(Dataset section Opens)

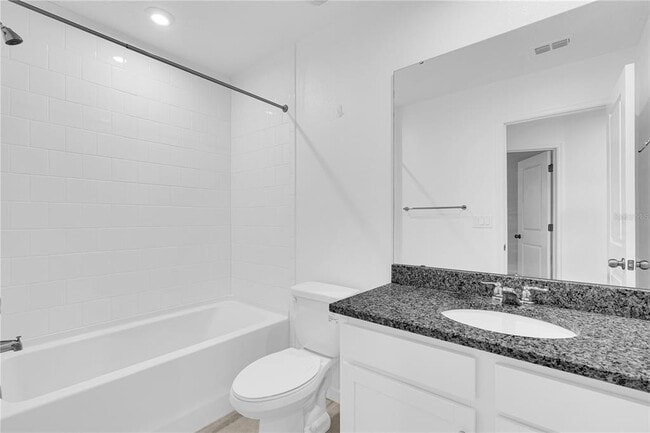 Building Photo - 1160 Lakeshore Breeze Pl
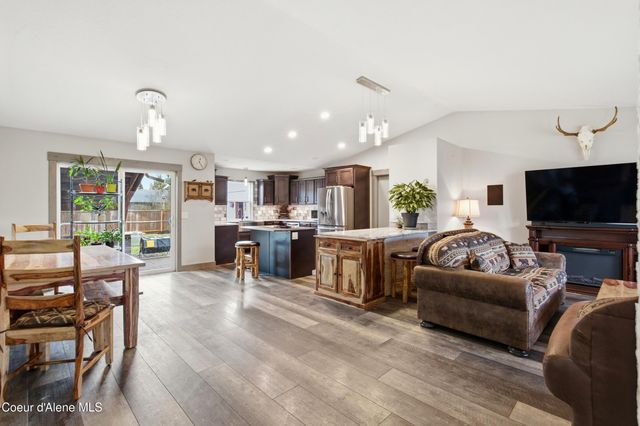 858 E Maple PL, Hayden, ID 83835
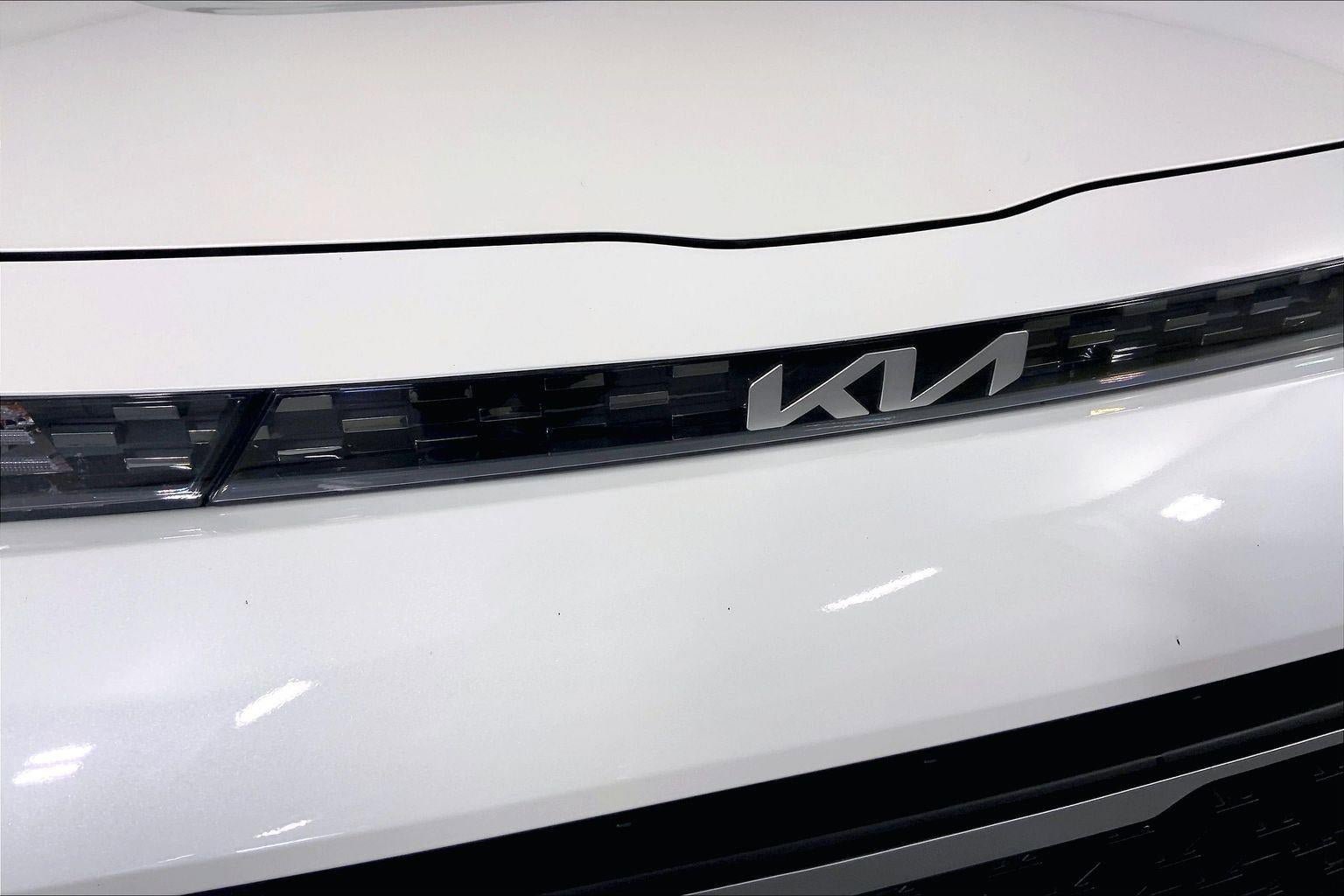 Certified 2025 Kia Soul LX image 28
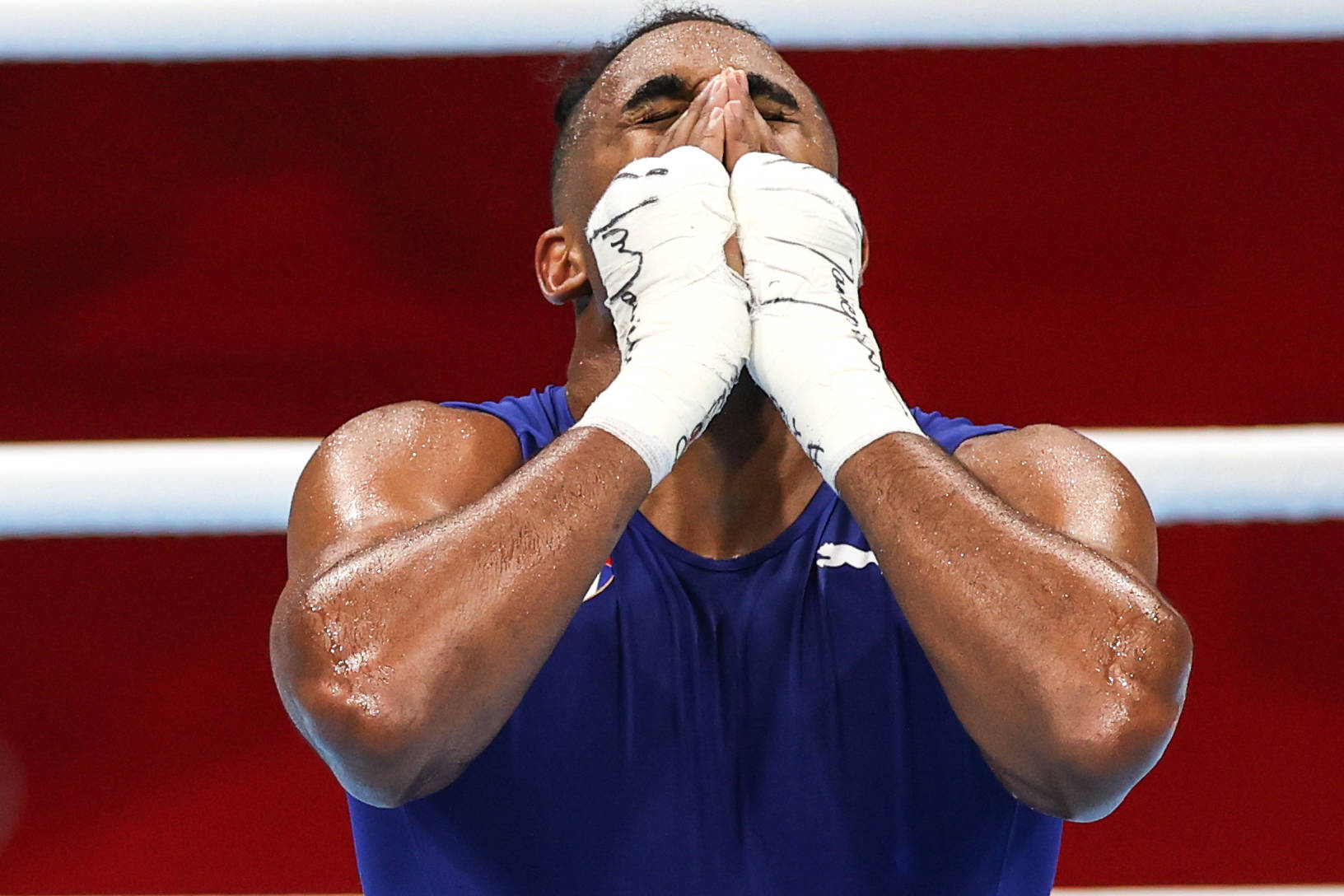 拳击——男子81公斤级:古巴选手夺冠_洛佩兹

(Dataset section Closes)

◆ Your task: Please copy out the material above exactly, with the images removed.

◆ Answer to the exercise:
 Building Photo - 1160 Lakeshore Breeze Pl
 858 E Maple PL, Hayden, ID 83835
 Certified 2025 Kia Soul LX image 28
 拳击——男子81公斤级:古巴选手夺冠_洛佩兹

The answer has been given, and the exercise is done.